There are three types of filter responses: impulse response, step response, and frequency response. Suppose I want to know how the filter reacts to a sudden change in the input, state which type of filter response I should compute? Then, plot the corresponding filter response (first 100 samples) for the two filters separately.

If you want to know how the filter reacts to a sudden change in the input, you should compute the step response.

To plot the step response for each filter, we first need to obtain the transfer function for each filter. Once we have the transfer function, we can use it to compute the step response.

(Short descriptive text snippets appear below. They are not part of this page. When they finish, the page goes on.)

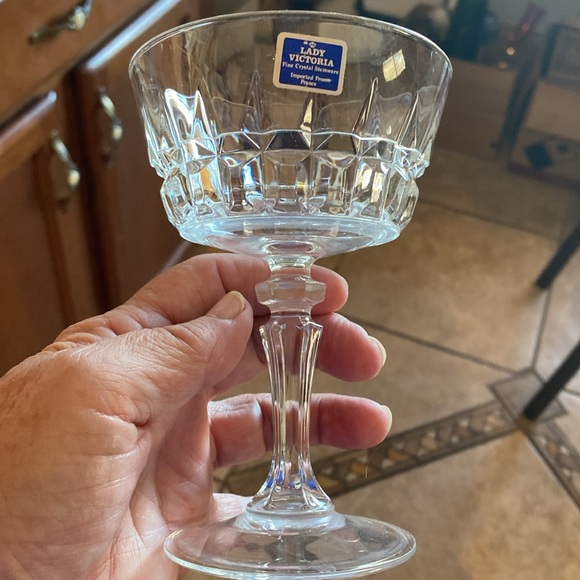 Cristal D’ Arques FRANCE Lady Victoria pattern. NWT set of 4. Mint condition - Picture 2 of 3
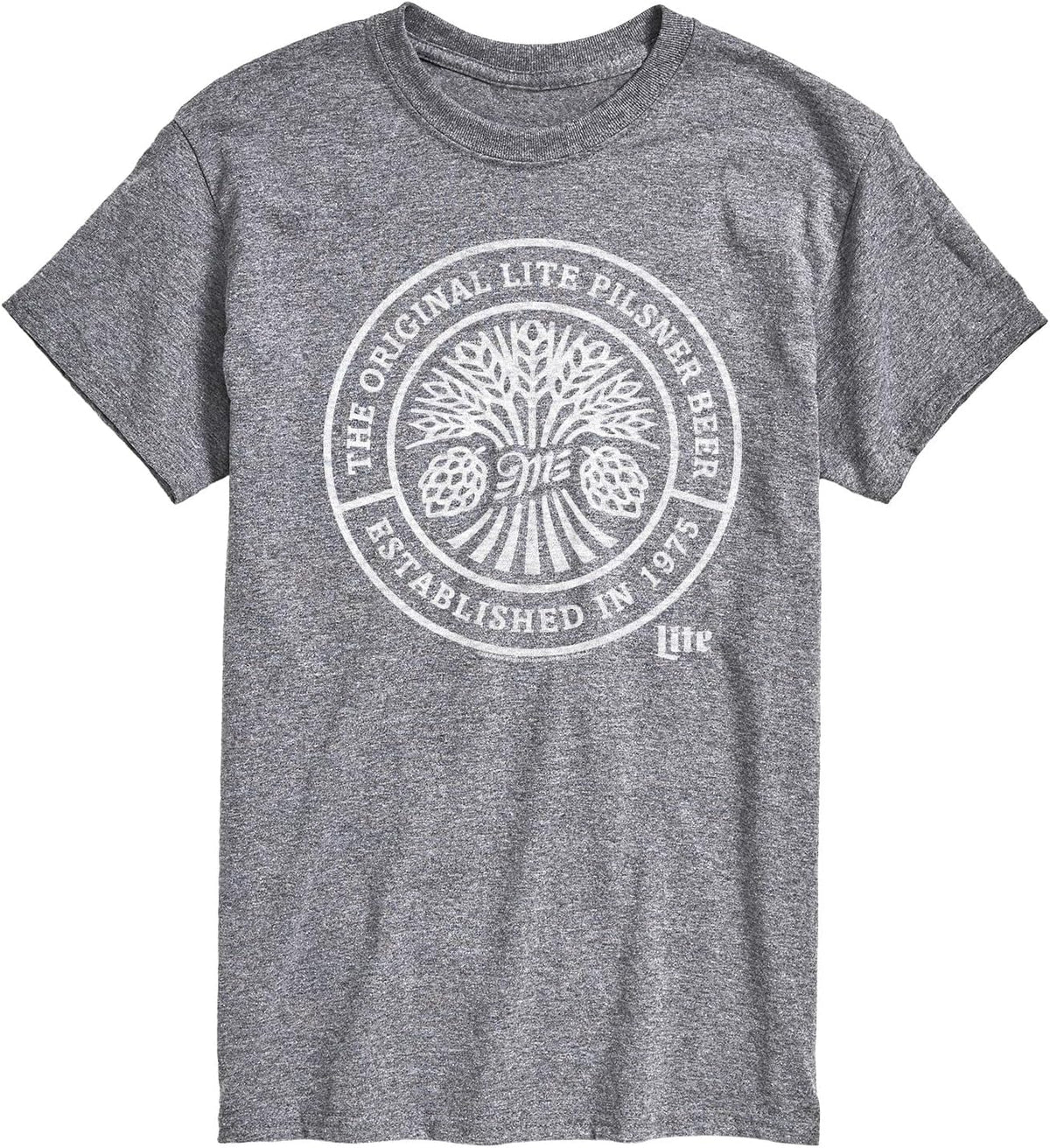 Miller Light - Miller Original Lite Pilsner Emblem - Mens Short Sleeve Tee - Athletic Heather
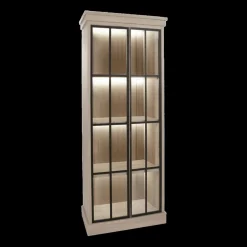 Vitrinekast KARA Natural Olm B86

Assuming we have the transfer functions for the two filters, we can plot the step response in Python using the following code:

import numpy as np
import matplotlib.pyplot as plt
from scipy.signal import lfilter

# Define the transfer function for filter 1
b1 = np.array([1, 0.5, 0.1])
a1 = np.array([1, -0.9, 0.2])
# Define the transfer function for filter 2
b2 = np.array([1, -0.8, 0.2])
a2 = np.array([1, -0.5, 0.1])

# Compute the step response for filter 1
zi = lfilter_zi(b1, a1)
y1, _ = lfilter(b1, a1, np.ones(100), zi=zi)
# Compute the step response for filter 2
zi = lfilter_zi(b2, a2)
y2, _ = lfilter(b2, a2, np.ones(100), zi=zi)

# Plot the step response for filter 1
plt.figure()
plt.plot(y1[:100], 'b')
plt.title('Step Response for Filter 1')
plt.xlabel('Sample')
plt.ylabel('Output')
plt.grid(True)

# Plot the step response for filter 2
plt.figure()
plt.plot(y2[:100], 'r')
plt.title('Step Response for Filter 2')
plt.xlabel('Sample')
plt.ylabel('Output')
plt.grid(True)

plt.show()

Note that we use the `lfilter()` function from the `scipy.signal` library to compute the step response. We also use the `lfilter_zi()` function to obtain the initial conditions for the filter.

The resulting plots should show the step response for each filter, which indicates how the filter responds to a sudden change in the input signal.